Abstract

As monitoring preclinical MRI is essential, it is important that the equipment used must be MRI-compatible. This is because interaction with an MRI radiofrequency (RF) transmitting field can cause RF burns due to inappropriate equipment. And non-compatible MRI monitoring equipment can give inaccurate readings in the MRI system if the equipment has ferromagnetic components. Preclinical MRI is designed for animals, the model used to study diseases related to humans.
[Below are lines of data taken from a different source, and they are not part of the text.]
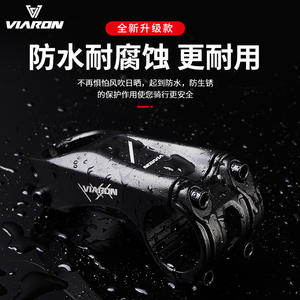 Viaron - Manillar de Bicicleta de Montaña de 31,8 mm y 70 mm, -17 Grados, Aleación de Aluminio Forjado de Alta Resistencia, para Cross Country - Product Image 2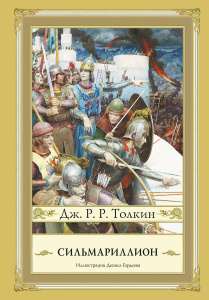 Книга "Сильмариллион" Дж. Р. Р. Толкин - купить книгу The Silmarillion ISBN 978-5-17-083893-6 с доставкой по почте в интернет-магазине Ozon.ru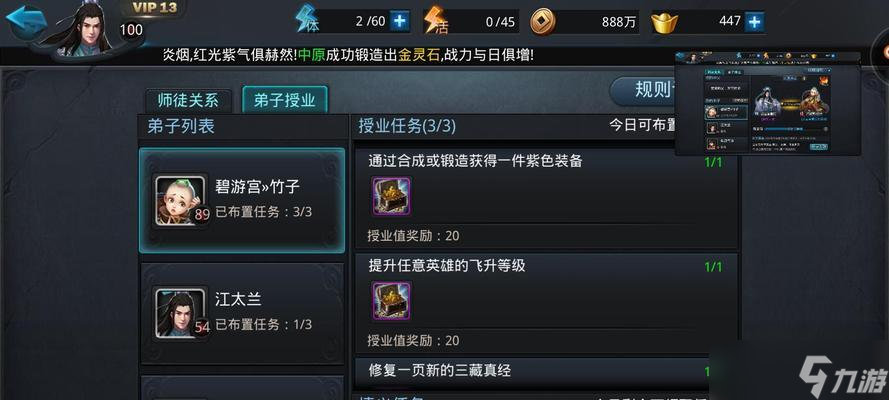 玩转《乱斗西游》（从零开始）
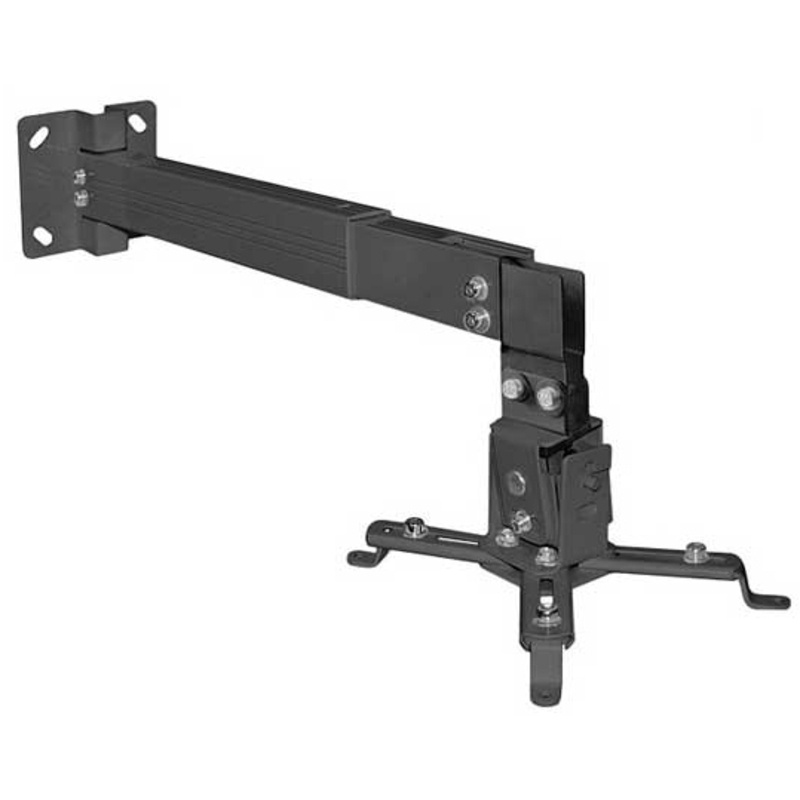 Кронштейн для проектора Arm media PROJECTOR-3 black — купить в интернет ...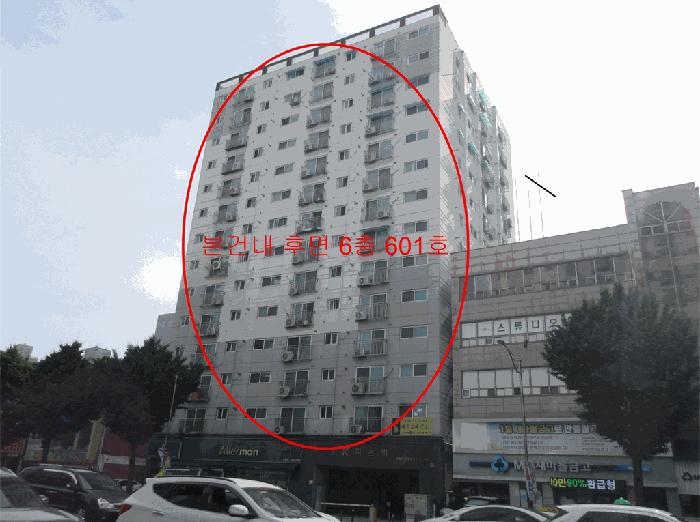 2025타경509605 사진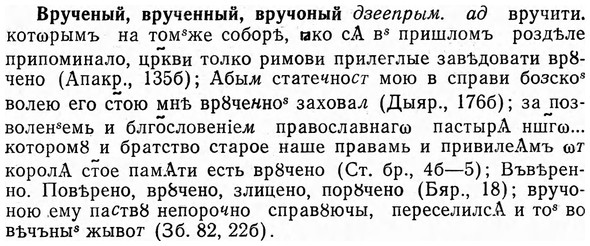 img/04/04-264_1662_Врученый.jpg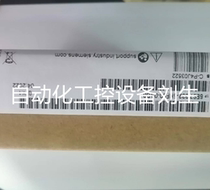 Siemens 6SL3210-1PE21 1PE22 1PE22 1PE24-5UL0 1PE24-5UL0 1UL0 1UL0 8UL0 7U 7U 7U 7U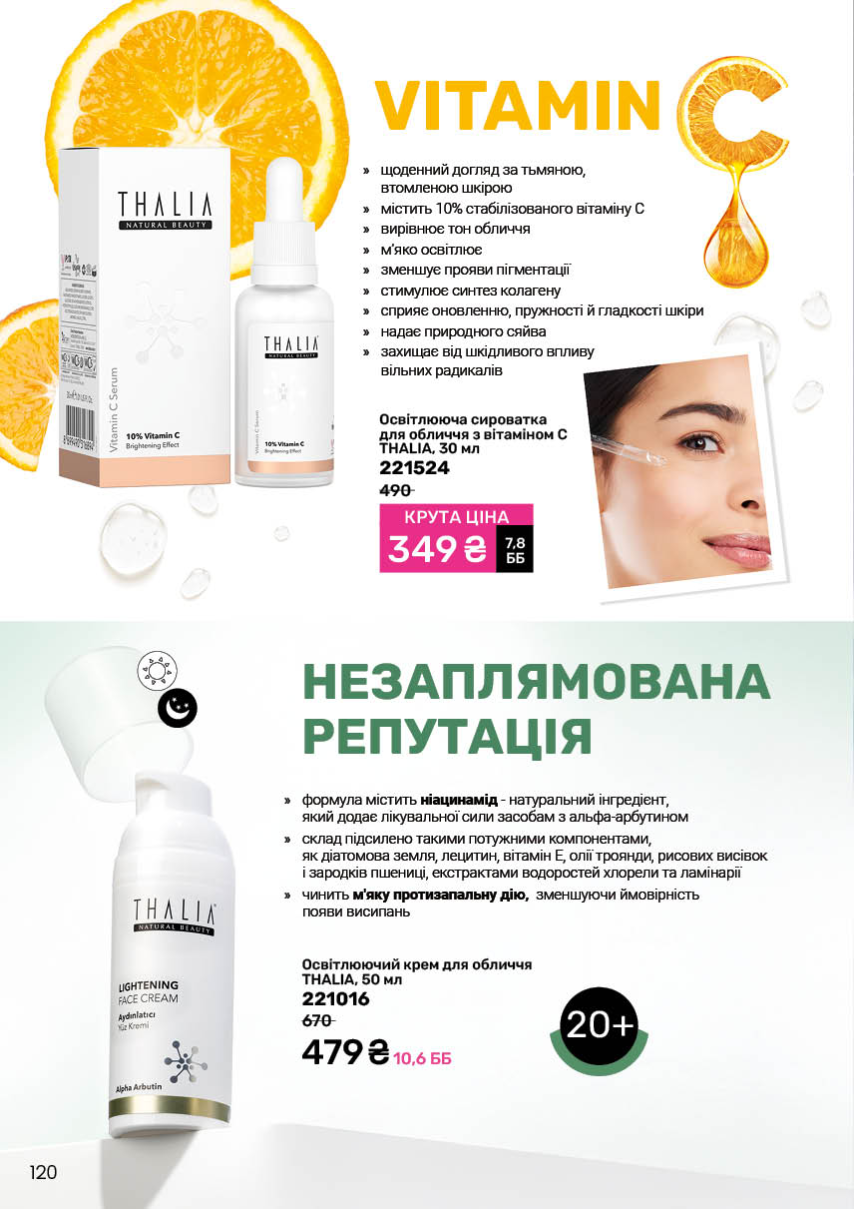 Каталог №11 - 2025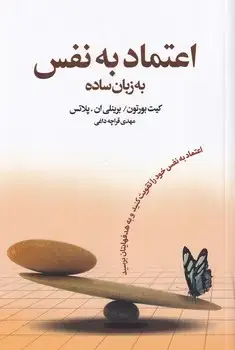جلد کتاب اعتماد به نفس به زبان ساده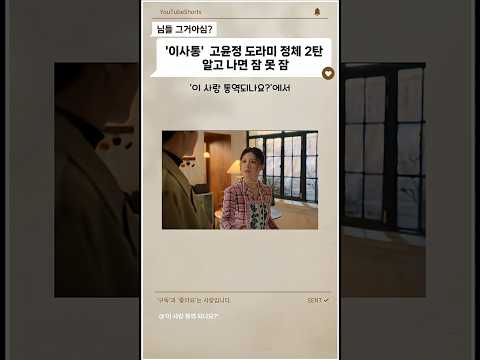 고윤정 또 다른 자아 도라미, 사실 생존 인격이었음 #드라마 #드라마추천 #배우정보 #드라마리뷰 #드라마정보 #넷플릭스 #넷플릭스드라마 #이사랑통역되나요 #고윤정 #김선호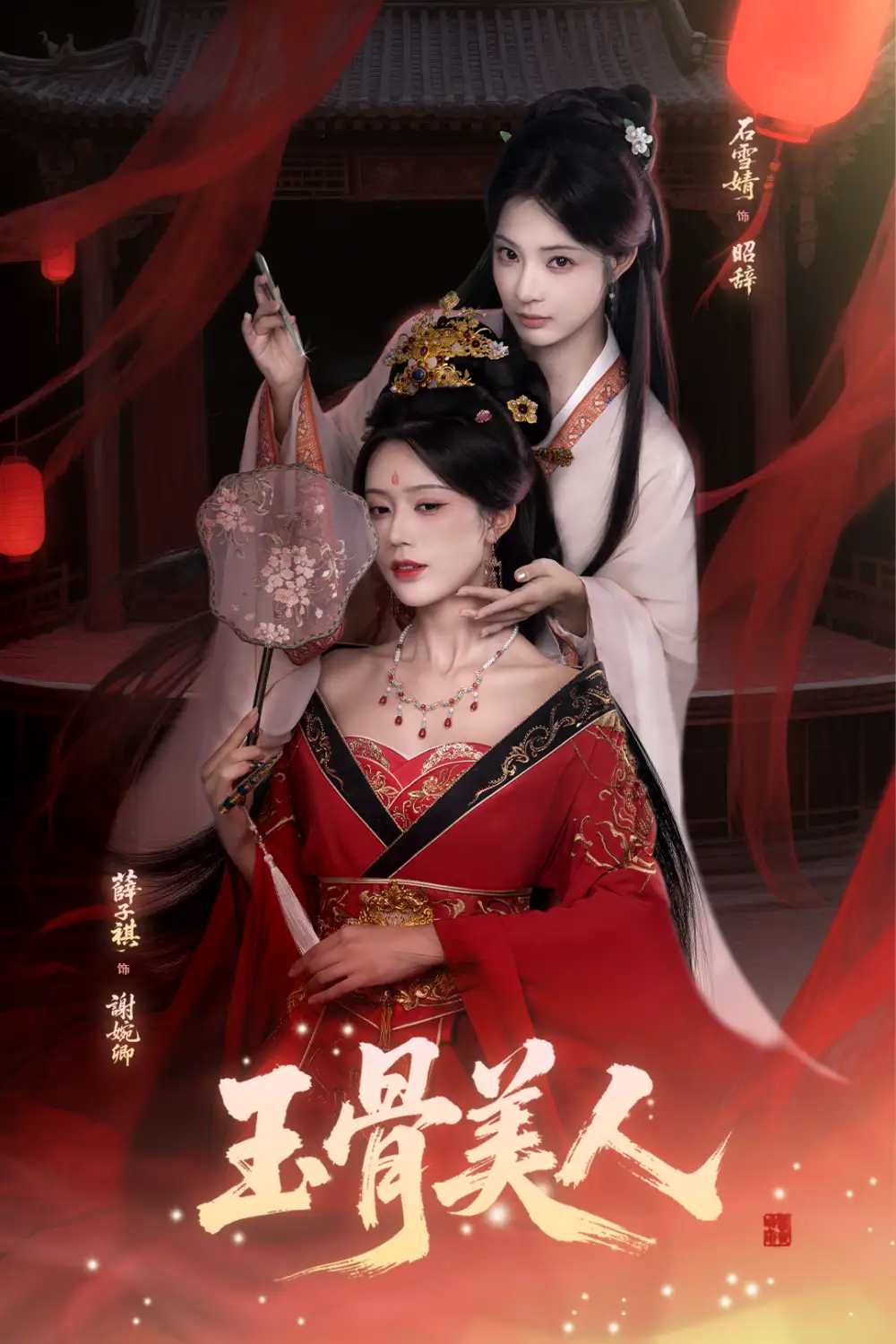 短剧《玉骨美人》全集完整版高清免费在线观看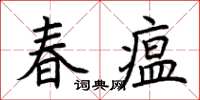荊霄鵬春瘟楷書怎么寫
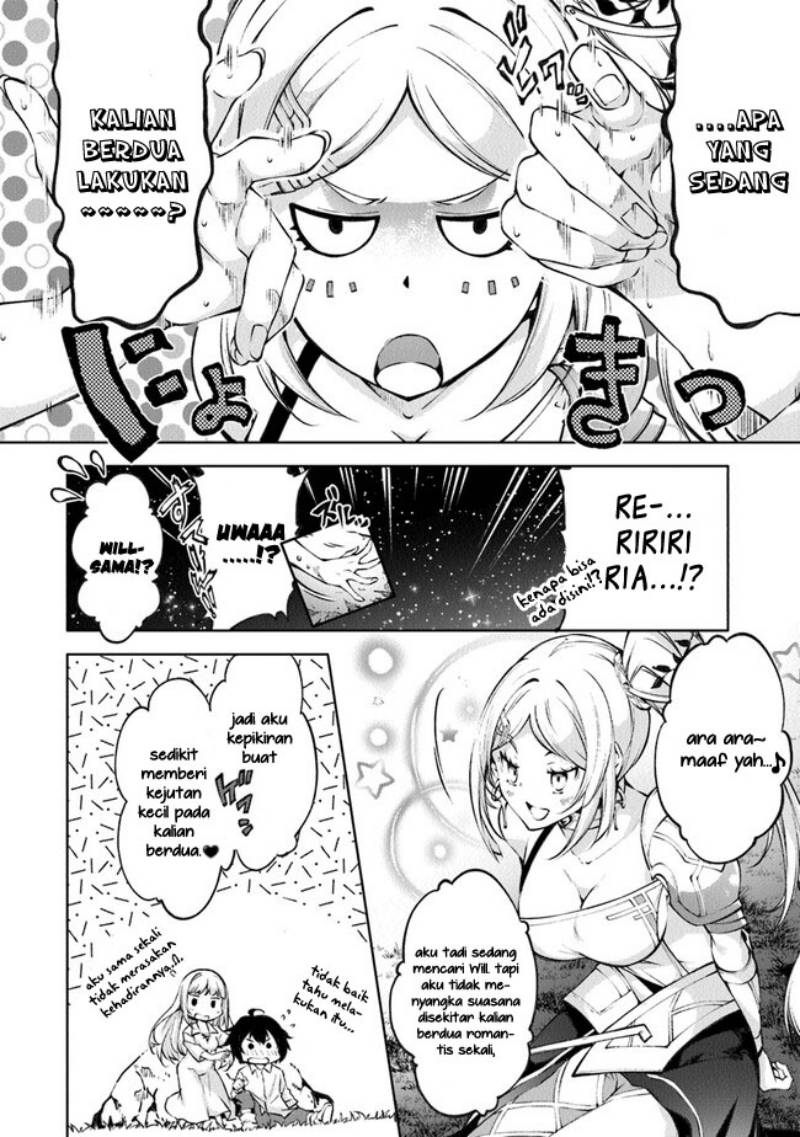 Kamigami ni Sodaterare Shimo no, Saikyou to Naru Chapter 35 Image 13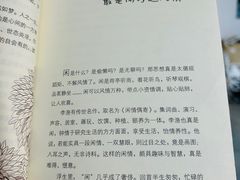 -松松咖啡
Animal models are imaged using a smaller scanner with high magnetic fields like the 4.7T. The main parameters of interest are the respiratory rate, the temperature, the pressure transducer and the electrocardiogram (ECG), this is because the animal model is used as a laboratory experiment for human disease. An MRI-compatible lead Ⅱ ECG simulator, with approximately 0.5 mV output amplitude was attached to the input of the ECG preamplifier to represent a small animal’s signal. The transmitted signal is the ECG, the pressure sensor, the temperature, and the battery (voltage), these are all linked to different channels (outside, near and inside magnet) and were acquired with the pressure sensor pad taped on a male adult volunteer’s thumb to record the human pulse of 70 bpm, which is similar to the respiration rate of an anaesthetized mouse or rat. The use of a signal gating generator should be explored in future work, this could make the monitoring parameters to be independent of the RF pulse influence. Finally, fibre optics should be included in the design process.